== EXERCISE BRIEF ==
With the pictures left out, print exactly the lines below that run from the one containing "Goldador honden te" through the one containing "پشت سبز شهری".

== AVAILABLE DATA ==

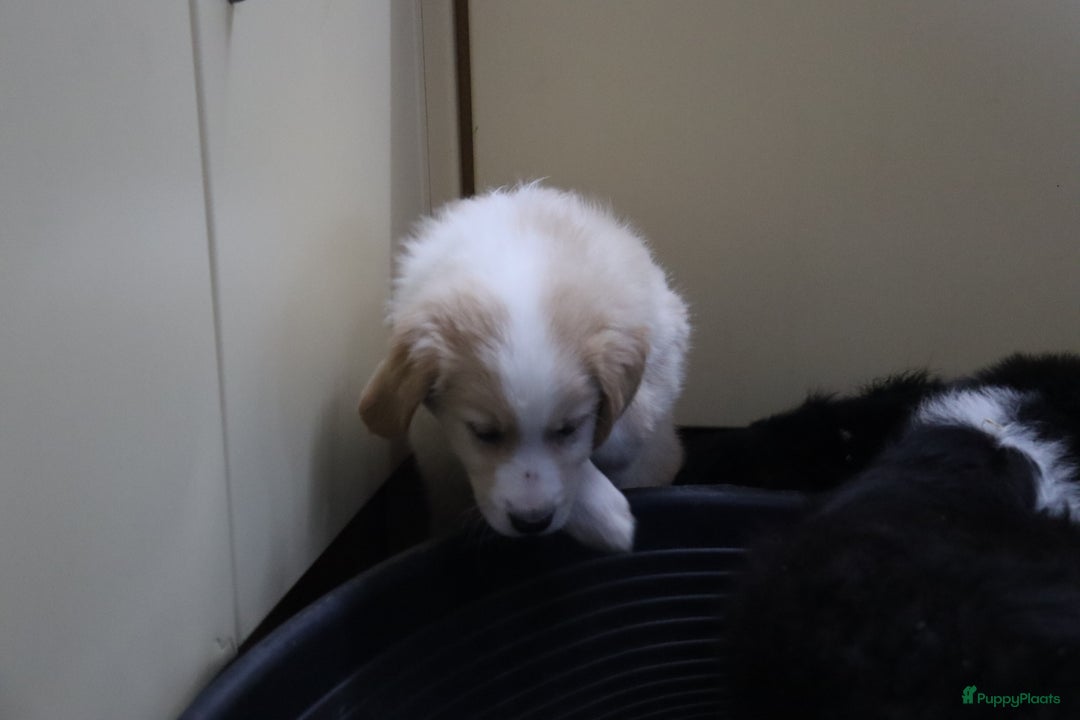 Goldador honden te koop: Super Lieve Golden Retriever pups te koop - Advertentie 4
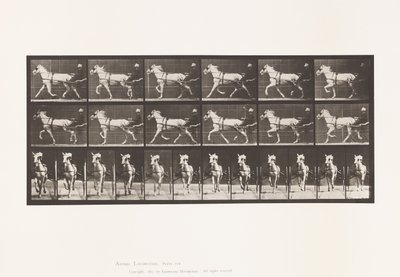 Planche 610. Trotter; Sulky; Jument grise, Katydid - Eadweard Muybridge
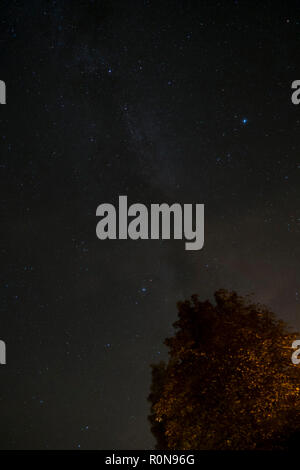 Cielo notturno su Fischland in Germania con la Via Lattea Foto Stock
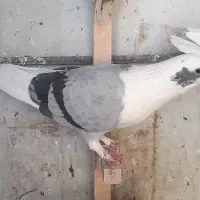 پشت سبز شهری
==
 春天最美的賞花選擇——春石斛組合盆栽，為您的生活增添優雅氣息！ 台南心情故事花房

== SOLUTION TO THE PROBLEM ==
 Goldador honden te koop: Super Lieve Golden Retriever pups te koop - Advertentie 4
 Planche 610. Trotter; Sulky; Jument grise, Katydid - Eadweard Muybridge
 Cielo notturno su Fischland in Germania con la Via Lattea Foto Stock
 پشت سبز شهری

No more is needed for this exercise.